Ta scena z Gry o tron oburzyła widzów. Po latach aktorka wyznaje: jestem z niej dumna
Po latach Sophie Turner, która wcielała się w serialowej adaptacji „Gry o tron” w Sansę Stark, przyznała, że jest stuprocentowo dumna z jednej z najbardziej kontrowersyjnych scen w historii produkcji HBO.

Sophie Turner wystąpiła we wszystkich ośmiu sezonach serialu, emitowanego przez HBO w latach 2011-2019. Artystka portretowała postać głęboko straumatyzowanej Sansy Stark, której ojciec został zamordowany na jej oczach, która musiała przetrwać niewolę „związku” z przemocowymi tyranami i doświadczyć śmierci większości członków rodziny.
Po tym, jak jej bohaterka została zmuszona do poślubienia Ramsaya Boltona, w 6. odcinku 5. sezonu - „Unbowed, Unbent, Unbroken” - padła też ofiarą gwałtu.

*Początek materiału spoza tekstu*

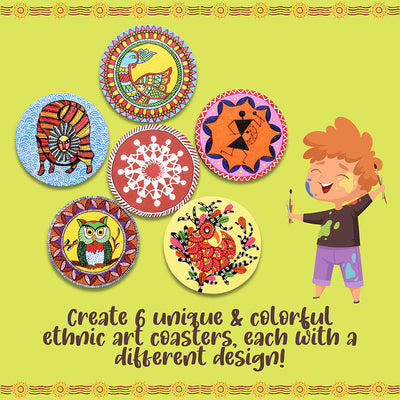 Ethnic Art Coasters Painting Kit for Boys and Girls, Traditional Kit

Ta wyjątkowo trudna do oglądania sekwencja wzbudziła swego czasu niemałe oburzenie oburzenie, a część widzów głośno zapowiedziała bojkot produkcji.
Teraz, ponad dekadę później, Turner przyznaje, że jest dumna z udziału w tej scenie. Ku zaskoczeniu wielu fanów.

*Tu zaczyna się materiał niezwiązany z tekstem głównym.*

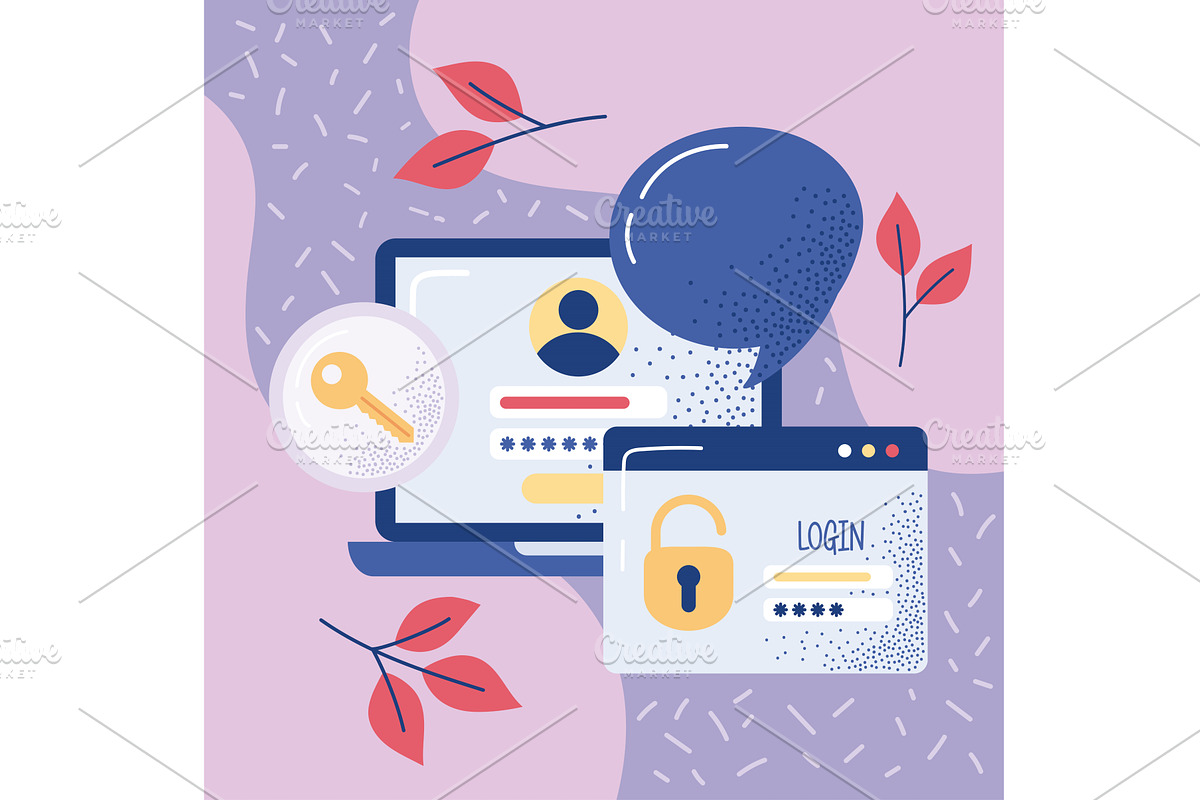 login template with laptop, a Technology Illustration by studiogstock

Gra o tron: Sophie Turner jest dumna z udziału w kontrowersyjnej scenie
W rozmowie z magazynem „Flaunt” aktorka podkreśliła, że dziś - jako dorosła, dojrzałą kobieta - znacznie lepiej rozumie, co właściwie przedstawiono podczas realizacji tamtych ujęć. Dodała też, że w jej przekonaniu scena ta zainspirowała istotne dyskusje:
Czułam - i wciąż czuję - że „Gra o tron” rzuciła światło na sprawy, o których wielu ludzi mówiło: „Boże, tego nie można pokazywać”. Rozumiem, że dla niektórych mogło to być wyzwalaczem traumy - całkowicie to pojmuję. Ale czuję też, że w ten sposób oddawaliśmy sprawiedliwość wielu kobietom i walce, jaką toczą od tysięcy lat: z patriarchatem, z byciem traktowanymi jak przedmioty, z ciągłą przemocą seksualną. Nie znam ani jednej kobiety, która nie doświadczyłaby choć jednej formy takiego nadużycia.
Turner zwróciła również uwagę na to, dlaczego wielu mężczyzn nie zdaje sobie sprawy, jak powszechne są doświadczenia przemocy seksualnej wśród kobiet - przede wszystkim zbyt rzadko się o tym mówi. Dodała, że jest dumna z udziału w serialu, który nie unikał ukazywania najbardziej bolesnych aspektów rzeczywistości, które również łączą nasz świat ze światem wykreowanym przez George’a R.R. Martina.
Nie rozmawiamy o tym wystarczająco często, uciekamy od tematu lub bagatelizujemy go. Gdyby „Gra o tron” miała premierę dziś, na pewno pojawiłyby się ostrzeżenia przed potencjalnym wywołaniem traumy. Ale jestem naprawdę dumna, że byłam częścią produkcji, która nie bała się pokazywać okrucieństw, jakich doświadczały i doświadczają kobiety. Czuję dumę, że mogłam być częścią tej dyskusji.
Trudno zaprzeczyć, że scena gwałtu Sansy wywołała u wielu widzów szok, złość, smutek - sam pamiętam tę burzę w social mediach. Wszystkie te emocje są, rzecz jasna, w pełni zrozumiałe. A jednak nie sposób odmówić racji samej Turner, która wskazuje, że scena stała się punktem wyjścia do istotnych dyskusji.
Z drugiej strony, aktorka zasugerowała coś, co mogłoby złagodzić odbiór kontrowersyjnej sekwencji. Gdyby wówczas zastosowano ostrzeżenia o treściach mogących wyzwalać traumę, część widzów mogłaby świadomie podjąć decyzję o ich pominięciu. Tym, co najbardziej uderzyło wówczas odbiorców, nie była jedynie brutalność sceny - chodziło też fakt, że została im zaserwowana bez uprzedzenia.